We don’t necessarily buy into the whole “recount” hysteria – but we don’t oppose it either.   Also, as far as we can tell the drama associated with it is being advanced in equal part by supporters of Democratic presidential nominee Hillary Clinton and U.S. president-elect Donald Trump.

That’s right: Both ex-candidates are pushing this narrative – and both have ample motivation to do so.

Clinton supporters want to swing the upcoming Electoral College vote in their candidate’s favor (a daunting task given Trump’s 296-232 lead).  Meanwhile Trump and his backers want to prove Clinton’s California-fueled popular vote victory is a sham.

Clinton backers claim challenges should be filed in three states where Trump narrowly prevailed: Wisconsin, Michigan, and Pennsylvania (well, technically Michigan hasn’t been called for Trump yet).  Meanwhile Trump has alleged “serious voter fraud in Virginia, New Hampshire and California.”

Not to be outdone, Green Party nominee Jill Stein is moving forward with electoral challenges of her own – which Trump has rebuked as a fundraising scam on behalf of her party.

“The Green Party scam to fill up their coffers by asking for impossible recounts is now being joined by the badly defeated and demoralized Democrats,” Trump tweeted over the holiday weekend.

What to make of all this?

Well, as we noted in a recent post about North Carolina’s contentious (and as yet undecided) gubernatorial race, elections work like this these days:

Votes are cast, counted, recounted and verified – and at that point the results can be challenged in a court of law in the event one side believes they have evidence of fraud.
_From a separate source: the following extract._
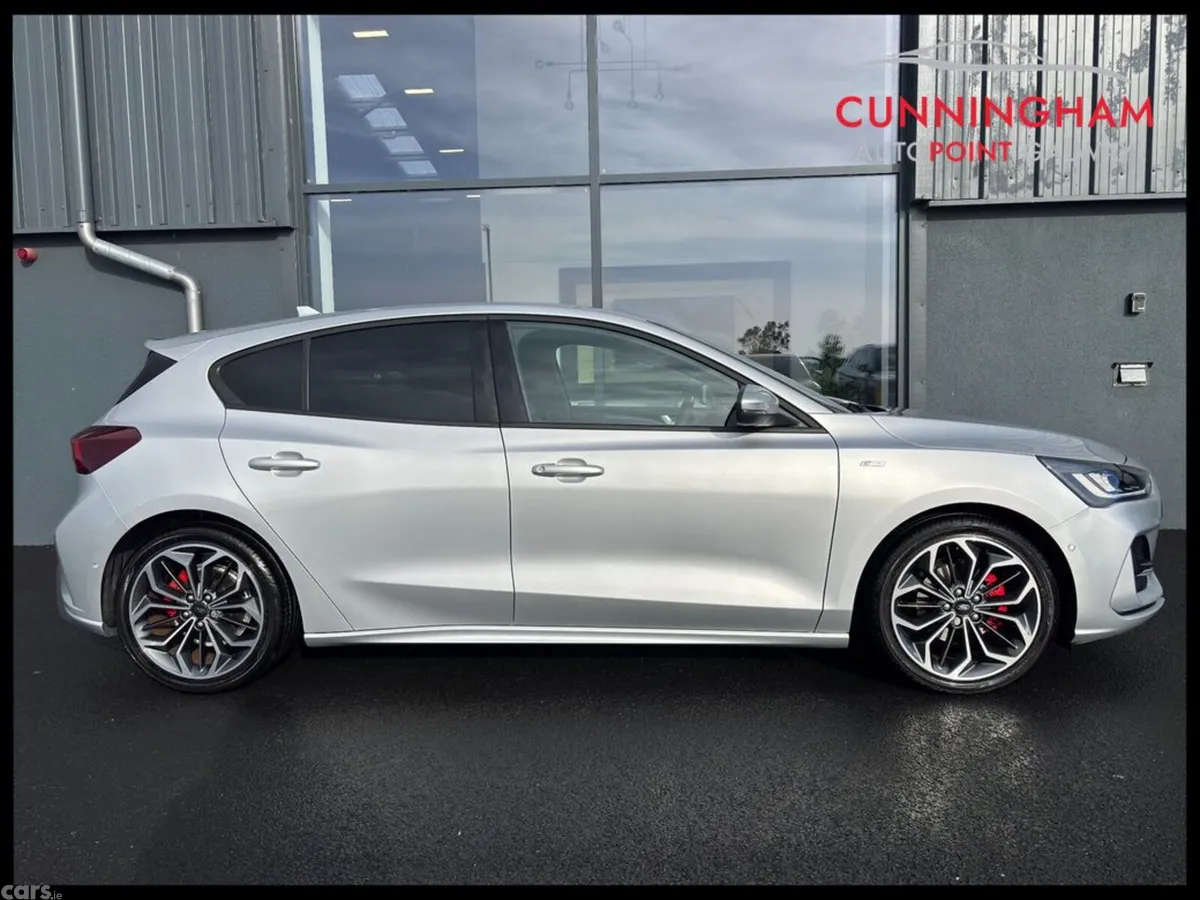 Ford Focus Hatchback, Petrol, 2025, Silver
It’s simple, really.  And should be completely non-controversial (assuming results are verified and verdicts are rendered on the basis of facts and evidence).

Accordingly, we have no problem with recounts and court challenges following elections because they are part of the process.  Not only do they help us get at the truth – they also provide us with an opportunity to identify and hold accountable those who seek to subvert our democratic process.

Hell … more than four years after the fact we’re still waiting on a rigged election in our home state of South Carolina to be overturned.

If supported by indisputable facts and clear evidence, recounts and court challenges can truly right wrongs.  And if not, they expose sore losers to insult after injury.

We do not suspect any of the proposed 2016 recounts will alter the outcome of the presidential election.  Which is why we believe Trump and his team should not fear them – and in fact push for investigations in states where Democrats may have rigged the vote.